Summary of the Chancellor’s Pension ReformsApril 16, 2014 // No Comments
The UK200Group summarise the facts on the Chancellor’s ‘Pension Reforms’ announced in the Budget of the 19 March 2014
Osborne pulls pensions ‘rabbit’ from Budget hat
Chancellors of the Exchequer are famous for pulling rabbits out of hats when they deliver their annual Budget, and George Osborne proved true to form on 19 March, with a major shake-up for pensions.
In what was described in the official Budget 2014 document as “the most fundamental reform to the way people access their pensions in almost a century”, Mr Osborne announced that from April 2015, savers would be able to access defined contribution pension savings as they wish from the point of retirement, with no obligation to buy an annuity.
Mr Osborne said: “People who have worked hard and saved hard all their lives, and done the right thing, should be trusted with their own finances.
“And that’s precisely what we will do now…Pensioners will have complete freedom to draw down as much or as little of their pension pot as they want, anytime they want.”
Tax rules will also be changed to reflect the new flexibility. Under the current tax system, people are charged 55 per cent if they choose to withdraw all their defined contribution pension savings at the point of retirement, which makes an annuity that provides an income over the course of retirement the usual choice.
Mr Osborne said: “It will still be possible to take a quarter of your pension pot tax-free on retirement, as today.
“But instead of the punitive 55 per cent tax that exists now if you try to take the rest, anything else you take out of your pension will simply be taxed at normal marginal rates, as with any other income – so not a 55 per cent tax but a 20 per cent tax for most pensioners.”
The new arrangements mean that from April next year, new retirees will have the following options:
• they can buy an annuity
• they can take out all their pension savings in a lump sum
• they can keep their pension pot invested and access it over time.
More immediately, from 27 March 2014, new rules will be introduced, which the government says will give people “greater freedom and choice now over how to access their defined contribution pension”. They mean that:
• the amount someone can take of their total pension savings as a lump sum will rise from £18,000 to £30,000
• the size of a small pension pot that can be taken as a lump sum, regardless of total pension wealth, will increase from £2,000 to £10,000
• the number of personal pension pots that can be taken as a lump, under the small pot rules, will rise from two to three
• under capped drawdown, the maximum amount that can be withdrawn from a pension each year has been capped at 120 per cent of an equivalent annuity.

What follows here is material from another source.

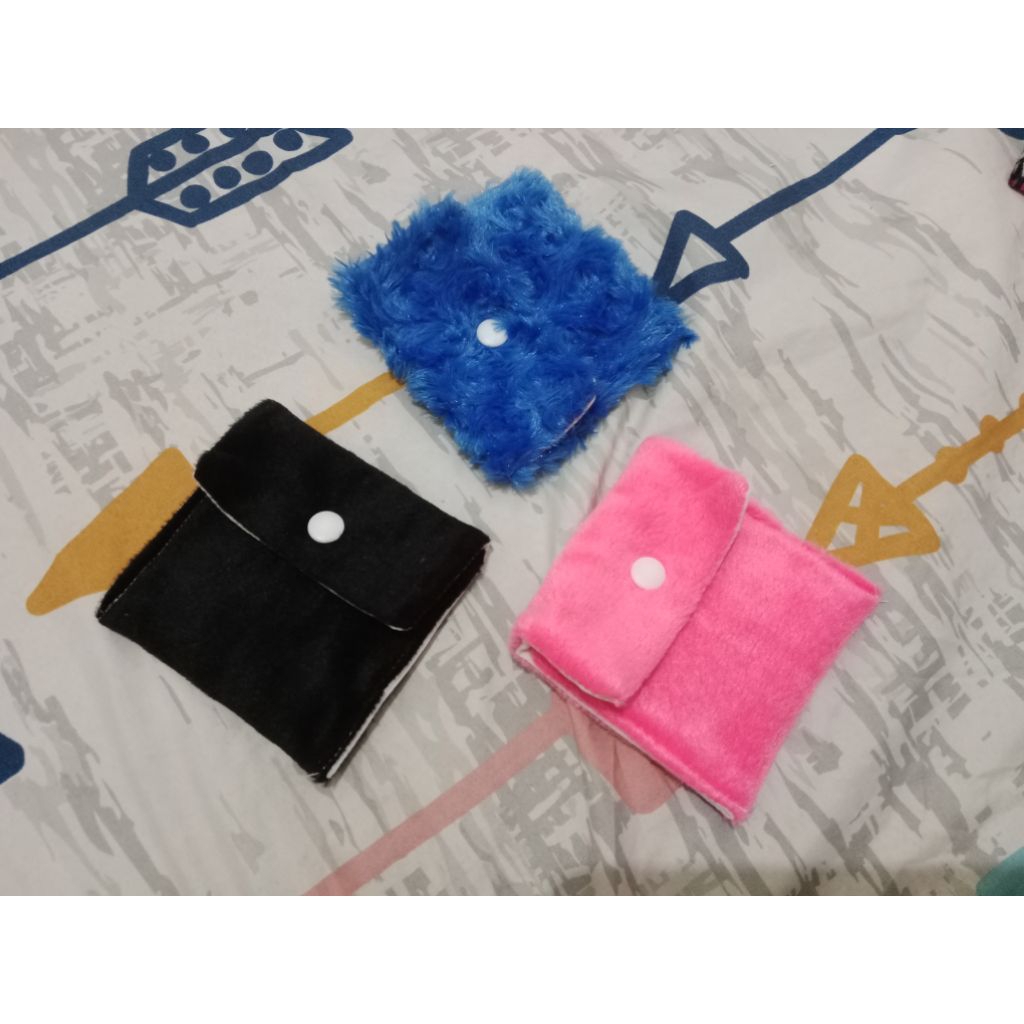 souvenir dompet mini bulu / dompet koin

This figure will rise to 150 per cent
• with flexible drawdown, there’s no limit on the amount that can be withdrawn from a pension pot each year, but the saver must have a guaranteed annual income in retirement of £20,000. This will be reduced to £12,000 per year.
Given all the changes, it is perhaps reassuring that another Budget announcement recognises that pension savers will need to comprehensive information to help them make the right decisions for their personal circumstances.
As a result, the government will introduce a new guarantee that everyone who retires with a defined contribution pension will be offered free and impartial, face-to-face guidance on their choices, at the point of retirement, with effect from April 2015, and is making £20 million available over the next two years to develop this initiative.